The man bowed. “Welcome, Sir Karigan.”

“Thank you.”

As they continued on, Brienne said in a hushed voice, “A green uniform is a novelty down here, but most will know who you are and that you are not trespassing, and that this isn’t your first time here. Ah, here we are.”

They halted at a door, and Brienne knocked and entered. Agemon’s office was not large for all that he was the chief caretaker, but it was crammed with books and scrolls of all sizes, and broken bits of sculpture. Paintings on the walls depicted ocean and forest scenes, almost as if they were windows into the outer world, one he had never seen.

Across his desk lay what appeared to be a schematic of the tombs. Karigan gazed curiously at it, but it looked very complex. He rolled it up before she could make sense of it.

“Greetings, Agemon,” Brienne said. “I have brought Sir Karigan as you requested.”

“You are late,” he replied in the querulous voice Karigan remembered well. His specs slid down to the end of his nose. Though his long hair was gray, it was difficult to judge his age with his smooth skin. His manner, however, indicated someone in his elder years.

“Not by much,” Brienne replied. “I’ll wait outside.”

“No, no you will not,” Agemon said. “What I ask this—this green may be useful for your ears, as well. What is this world coming to that Black Shields are bringing green into the silent halls?”

“You know, Agemon, that Sir Karigan is our sister-at-arms.”

“Yes, yes, but to me it has no meaning. You Black Shields are turning the world upside down. What is it coming to? ‘Here, Agemon, translate this. Here, Agemon, translate that.’ The Silverwood book, you remember? It left me in the ward of the death surgeons for an entire week. An entire week!”

“I remember,” Brienne replied, “but it is the king who requested these things of you.”

“Yes, yes, His Majesty. Then I am set to impossible tasks. Seek and find. Does he realize how great this domain of the sleeping is?”

“I think he has some idea.” Brienne’s tone was placating, and Karigan knew she had to deal frequently with him. “Can’t you get anyone to help you?”

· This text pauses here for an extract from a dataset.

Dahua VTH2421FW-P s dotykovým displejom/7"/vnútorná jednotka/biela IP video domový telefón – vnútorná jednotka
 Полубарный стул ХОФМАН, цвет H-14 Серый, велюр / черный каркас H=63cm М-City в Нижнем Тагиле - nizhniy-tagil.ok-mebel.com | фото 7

“I do have scholars assisting with the translations of the Green Rider material.” He looked pointedly at Karigan. “But this . . . this cryptic thing, this dragonfly device I am to seek in the vastness of these halls . . . Do you know how many objects, how many artifacts lie hidden here?”

“Yes, Agemon,” Brienne replied. “Why don’t you tell us why you wished to see Sir Karigan.”

He peered through his specs at Karigan. “You,” he said. “You disrupt my tombs at every turn. You, you, you.”